Flash forward some thirty years from that first viewing of mine. It never occurred to me there could be this dynamic reboot. I mean a grab you and keep you at the 42 inch screen (as opposed to the SONY Trinitron I first saw it on) reboot. The career I was beginning when I first saw the show is essentially concluded as I have moved onto other, shall we say, endeavors. Back at the ranch, Jock died in Season Three of the original show, Miss Ellie some years later, Bobby got remarried, J.R. is still divorced from Sue Ellen, who kicked the bottle and runs for governor. And the second generation of Ewings and Barnes cavorting just like the old days, but with more skin showing. Now, the Ewings have added methane as something to fight over. And poor Christopher, Bobby's offspring, just couldn't help doing what daddy did--heck, he married a Barnes, Rebecca, well, really Pamela Rebecca. But he didn't know it. You get the picture, I hope. Intrigue, with tongue firmly in cheek. And it worked.

But the man behind J.R., Larry Hagman, had old health problems come back as the series went into production, and by this second season, he died, with a story arc pretty much up in the air. The three old timers had managed to be the linchpins of the reboot, getting you interested in what happened to the young uns. And maybe willing to watch scenes where only the young folk were feuding and fussing.

Well, somehow, as in Hollywood it often happens, the legend of J.R. and the legendary way that the actor played him, kind of merged. Losing the actor meant having to lose the character, while keeping him firmly implanted in whatever future plans the writers had for the fictional family. And well, those of us who knew Mr.

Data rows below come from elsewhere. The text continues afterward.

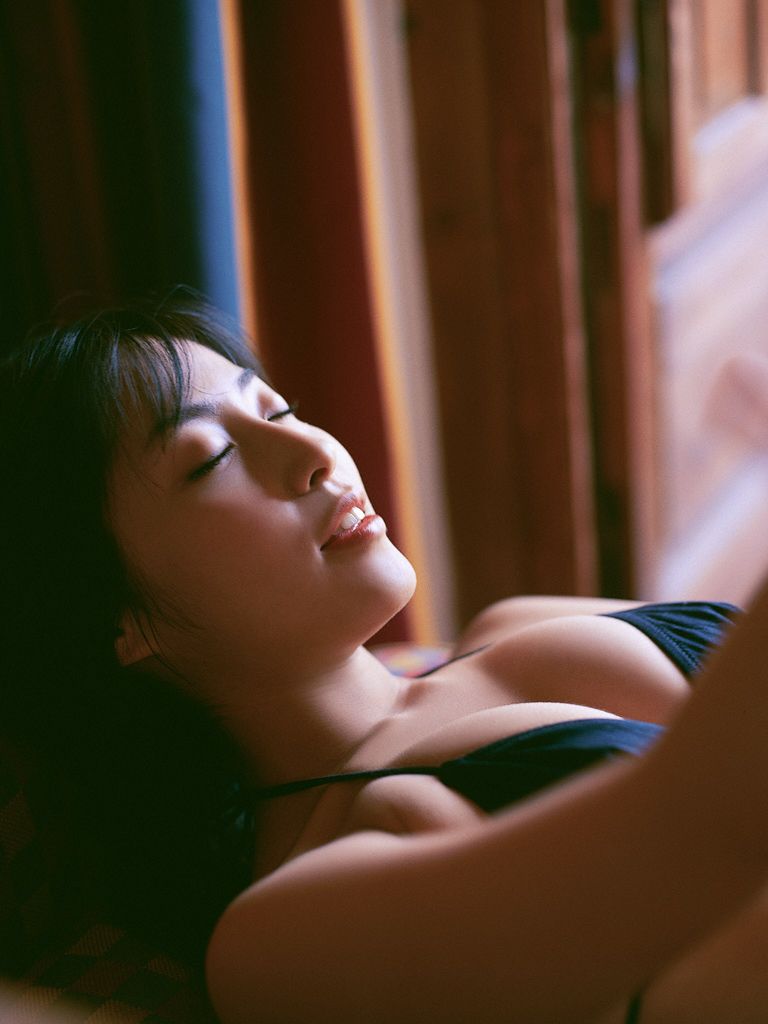 [Wanibooks] NO.15 Hiroko Sato 佐藤寛子 写真集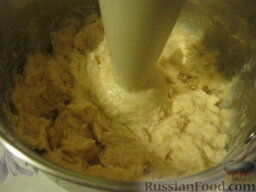 Хумус из белой фасоли: Поместить в блендер фасоль и чеснок, хорошо взбить до однородной массы.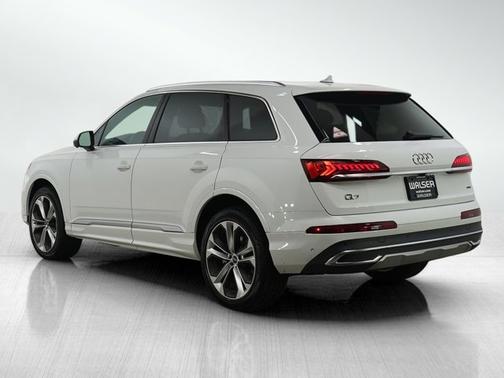 2023 Audi Q7 Premium Plus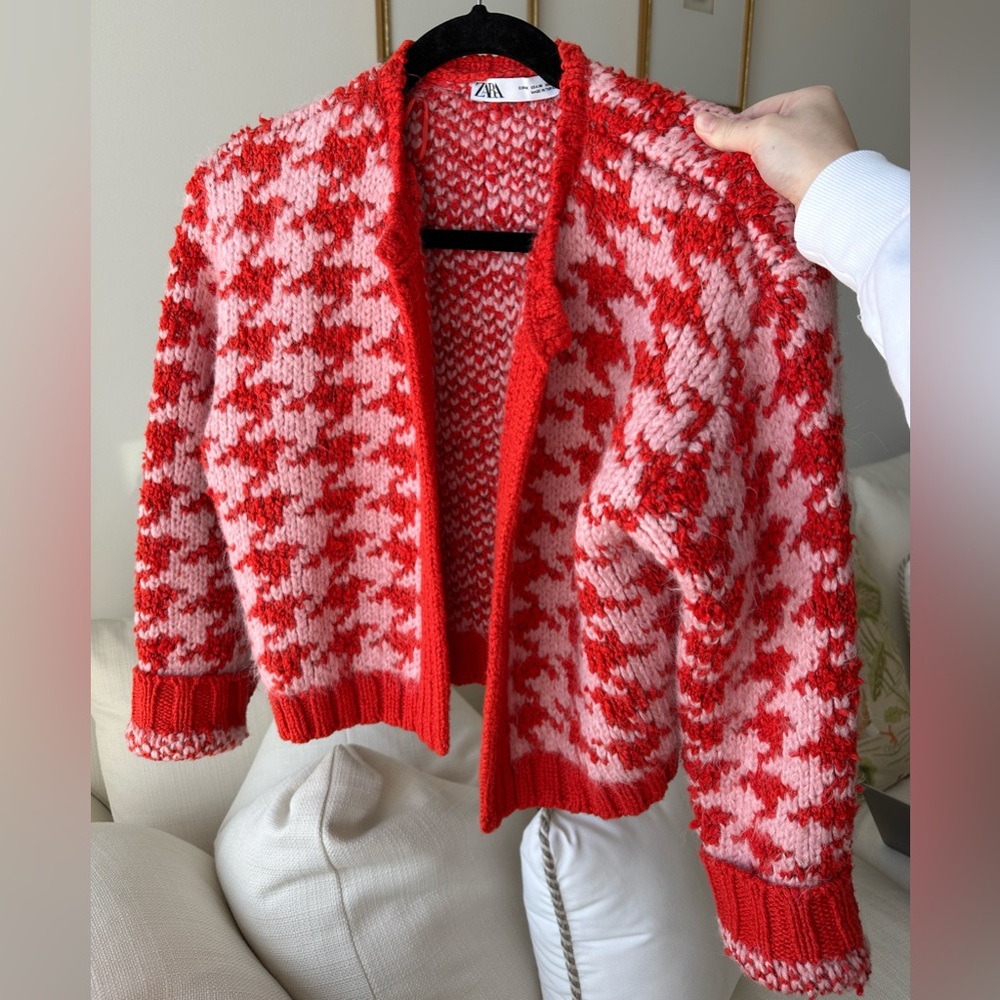Zara M Pink/Red Houndstooth Sweater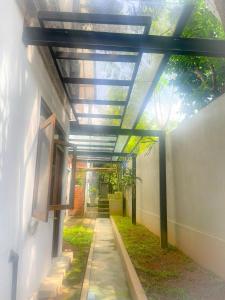 Κήπος έξω από το Mervins & Indus Residence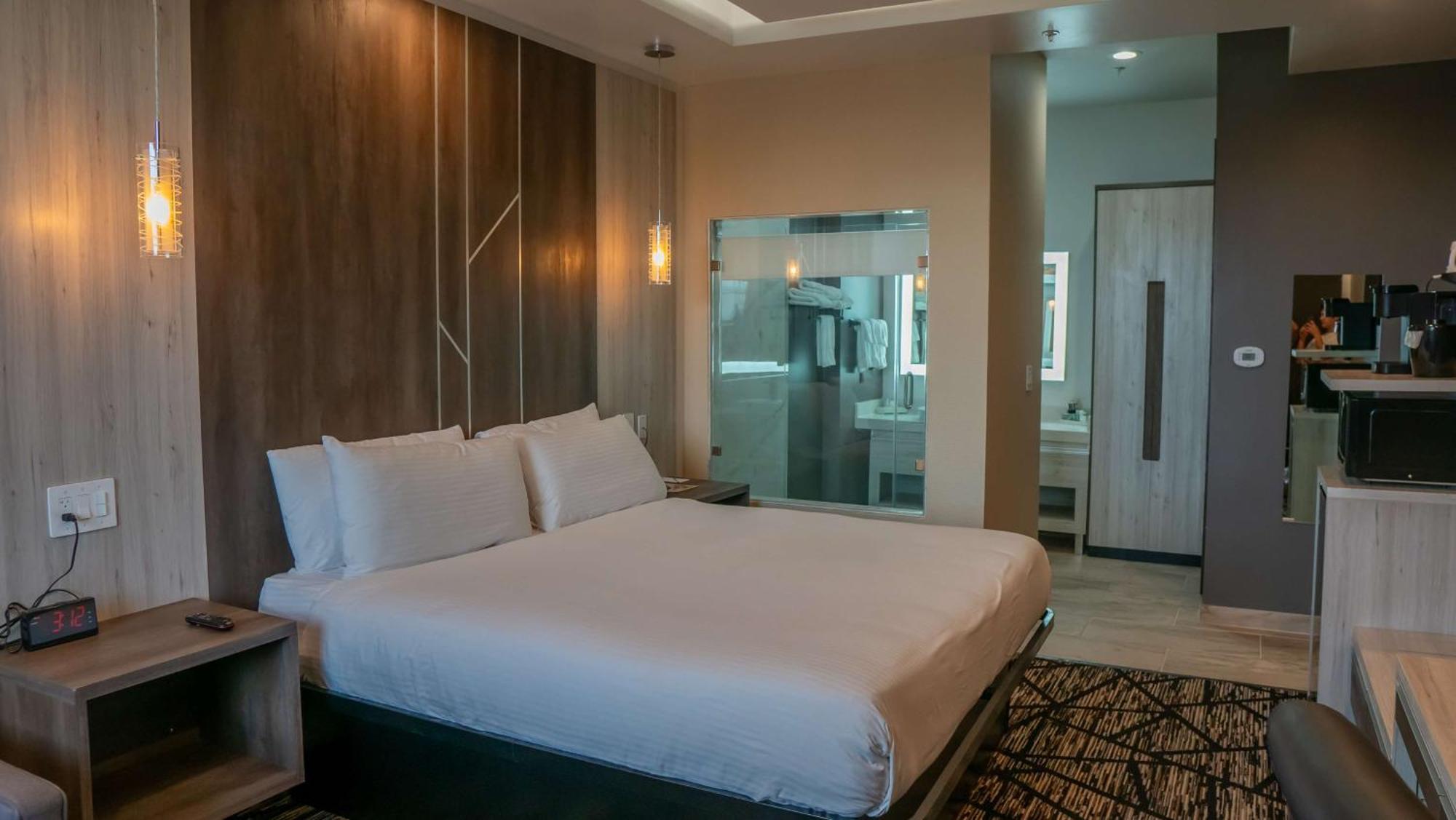 Surestay Hotel By Best Western Houston Southeast South Houston Esterno foto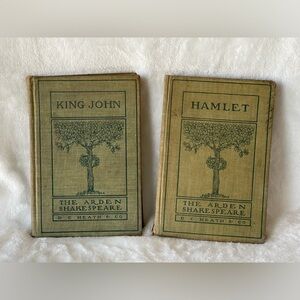 2 antique hardcover The Arden Shakespeare Hamlet & King John by D.C. Heath & Co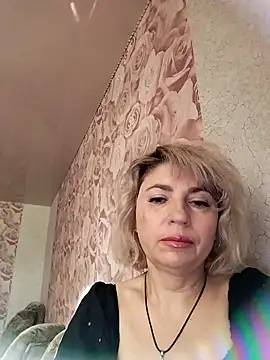NataLilu826 online show from 05-11-26, 03:07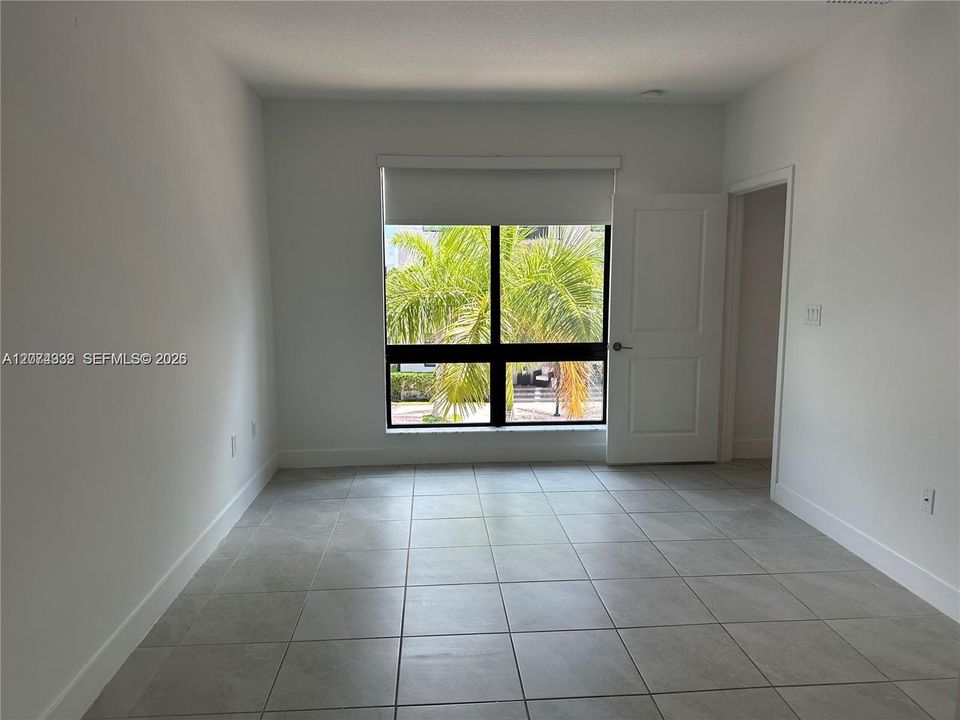 For Rent: $3,100 (3 beds, 2 baths, 1124 Square Feet)
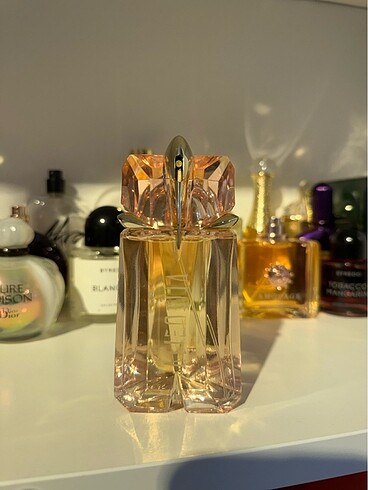 Mugler Alien Flora Futura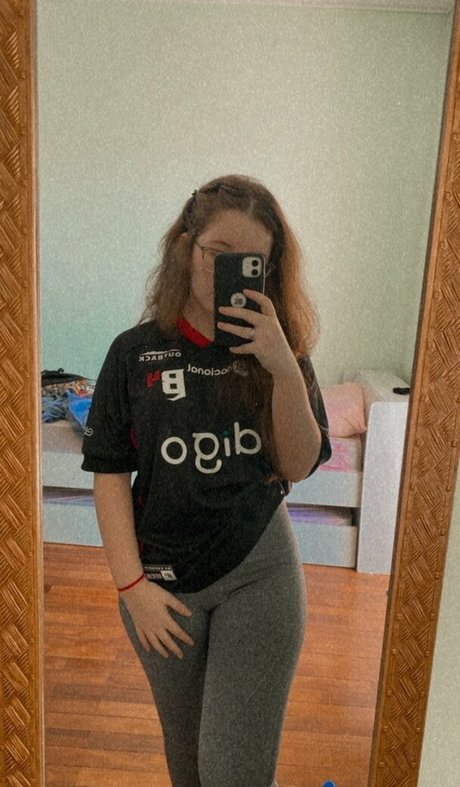Foto di nudo di fuga di OnlyFans di Julihcsgo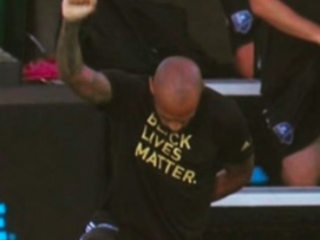 Trainer Thierry Henry knielt 8 minuten en 46 seconden bij wedstrijd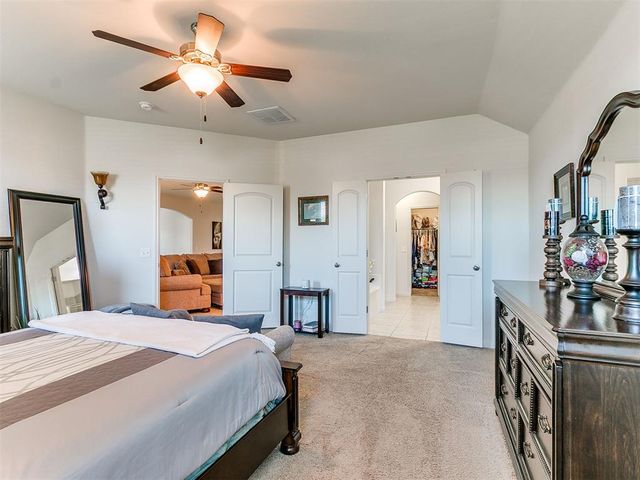 3208 Brookstone Lakes Drive, Yukon, OK 73099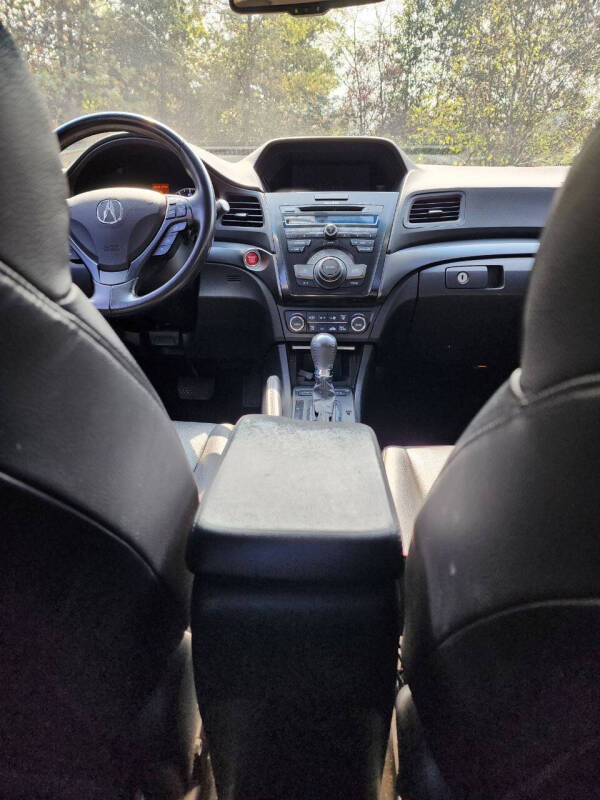 2013 Acura ILX 2.0L w/Tech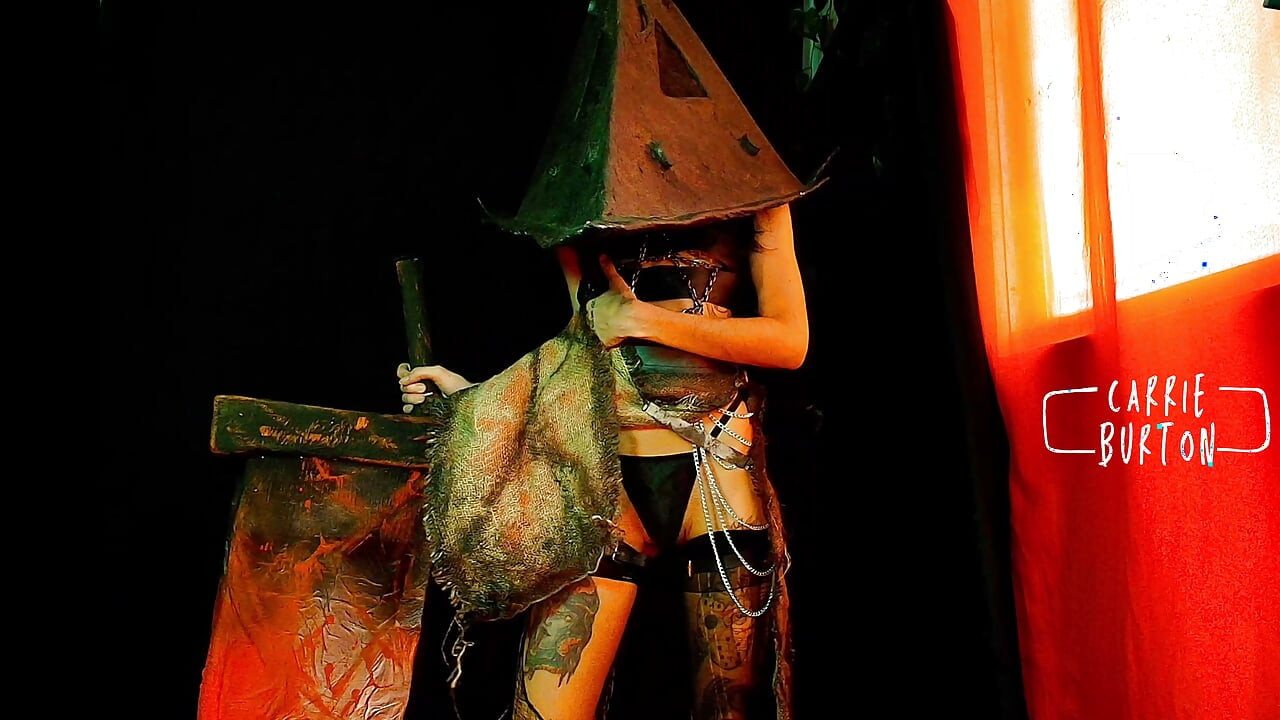Ο Pyramid Head Επιστρέφει με Πολλή Αρρενωπή Λαγνεία Αυτό το Halloween 2026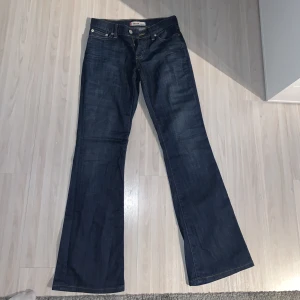 Lågmidjade utsvängda Levis Jeans - Säljer nu dessa lågmidjade utsvängda jeans från Levis då de är för små för mig 💖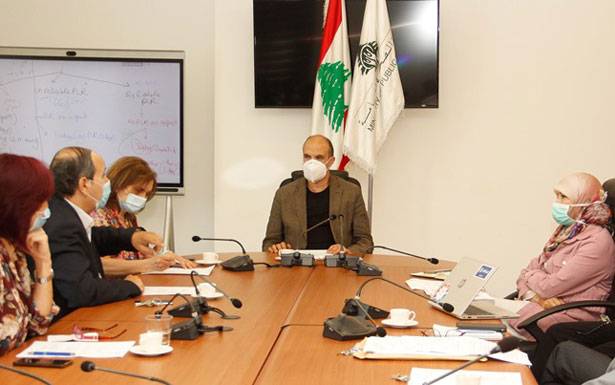 حــمد تــــرأس اجتماع لجـــنـــــة الاختصاصيين لتــــنظــيم ترخيص المختبرات وتـــقويم ادائــها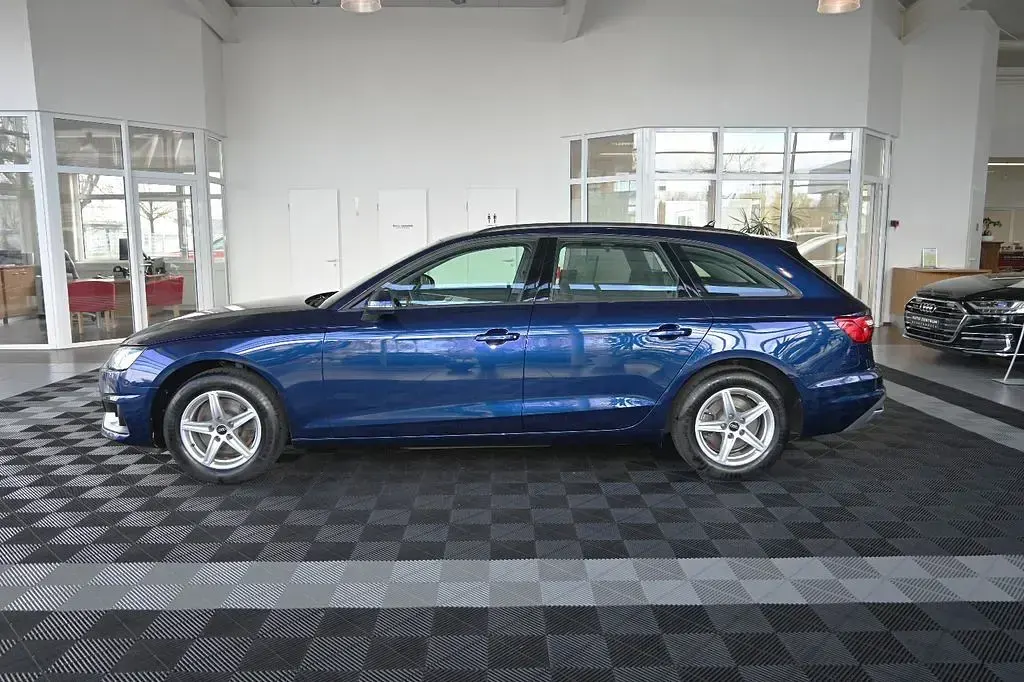 Używany Audi A4 163 KM (119 kW) 2022 Niebieski Kombi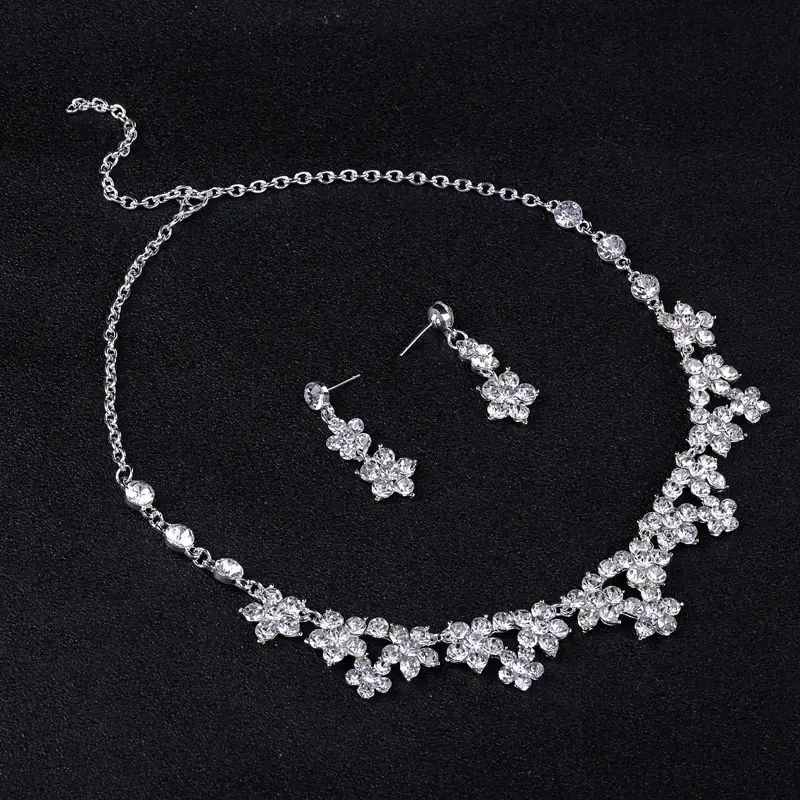 New Rhinestone Bridal Jewelry Set Three-Piece Wedding Crown Necklace Headdress Set - Image 5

Hagman from his eccentric characterizations on TV and in real life, we felt we sort of knew him and it was a surprising loss for us, the fans (gulp, I have to admit it, I am a fan!).

Len Speaks is a member of the Paley center that has been preserving television programs old and new for future generations, and so, when he said that the cast and the main writer, Cynthia Cidre, would be on a panel for the show, the day before the new "Who Shot J.R." story line was to fully enfold on TNT, I was well, THERE.  And in another example of life imitating art, or art imitating life, I was in tears as the cast on screen, and sitting on the stage, said goodbye to Larry/J.R.

It just doesn't get better than when the now pretty aged Cliff Barnes breaks into the Omni Hotel in Dallas and tells the grieving family that he is delighted J.R. is dead as the proverbial door nail and caint, I mean CAINT, do no more harm to him and now he's going to take down the damn Ewings once and for all.

But there were also moments of the undercurrent of family loyalty, that J.R. really did still love Sue Ellen, and that every so often, J.R. could give uncle like advice to other family members he was bating and battling in business.

When we all stood to give Patrick and Linda standing ovations, we probably were also standing up for ourselves (also of a certain age) for getting through a whole bunch of years, each of us still squarely on our own feet, with lives we built behind us and dreams still for the future. Cue the Dallas theme, please! Da dah da dah da dah dah dah dah.                                                                          

1 comment:

Len said...

The recalcitrant Len is forever grateful for you turning me onto the original show.